It seems the speech data needs to be scraped from a particular website, and the official codebases for the paper do not count for the changed website structure. These links may be helpful:

holylovenia commented 3 months ago

It seems the speech data needs to be scraped from a particular website, and the official codebases for the paper do not count for the changed website structure. These links may be helpful: Opened issues on the repo https://github.com/festvox/datasets-CMU_Wilderness/issues/11 and https://github.com/festvox/datasets-CMU_Wilderness/issues/1 Reference scraper here, probably fixed it but have not yet tested

Thanks for inspecting this, @akhdanfadh! May I ask if you'll be able to check if the reference scraper fixed the problem or not (at least for the SEA languages)?

Also, it seems implementing this dataloader warrants a bonus since it's more complex than the others.

akhdanfadh commented 3 months ago

Got it @holylovenia, will do by Friday night.

holylovenia commented 3 months ago

Got it @holylovenia, will do by Friday night.

Thanks a lot, @akhdanfadh!!

akhdanfadh commented 3 months ago

After further observation, this problem was more about the dataset not being up-to-date, not just the outdated website scraper. The language ID used on the current Bible website does not match the LANGID used on the dataset website. For example, there are 3 LANGID for Indonesian dataset (INZNTV, INZSHL, INZTSI), but on the current Bible website for Indonesian, the codes are INDASV and INDTSI. With this, I think it will be difficult to implement the dataloader because inevitably someone has to match the existing dataset with the latest data on the website for all ASEAN languages.

@holylovenia @SamuelCahyawijaya @sabilmakbar

holylovenia commented 3 months ago

After further observation, this problem was more about the dataset not being up-to-date, not just the outdated website scraper. The language ID used on the current Bible website does not match the LANGID used on the dataset website. For example, there are 3 LANGID for Indonesian dataset (INZNTV, INZSHL, INZTSI), but on the current Bible website for Indonesian, the codes are INDASV and INDTSI. With this, I think it will be difficult to implement the dataloader because inevitably someone has to match the existing dataset with the latest data on the website for all ASEAN languages.

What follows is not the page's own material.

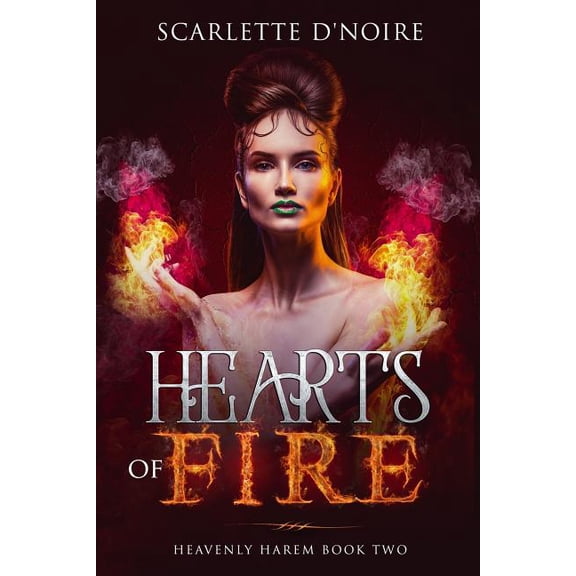 Heavenly Harem: Angels of Darkness and Light a Paranormal Ro: Hearts of Fire : Heavenly Harem Book Two (Series #2) (Paperback)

@holylovenia @SamuelCahyawijaya @sabilmakbar

Tough. I was looking through the dataset website too and it seems like they have outgrown CMU Wilderness dataset's coverage.

Have you taken a look at their API, @akhdanfadh? It seems like we should be able to access all of their data through the API.

holylovenia commented 3 months ago

May I know if there is any update on this, @akhdanfadh?

akhdanfadh commented 3 months ago

I haven't looked up on this, will do this week.

holylovenia commented 3 months ago

I haven't looked up on this, will do this week.

Sure! @yongzx will also help inspect this issue.

akhdanfadh commented 3 months ago

I am requesting the API key just now. This was what they said.

We will review your request and get back to you within one week. In the mean time feel free to start reading the documentation.

I will update here on anything related from their docs.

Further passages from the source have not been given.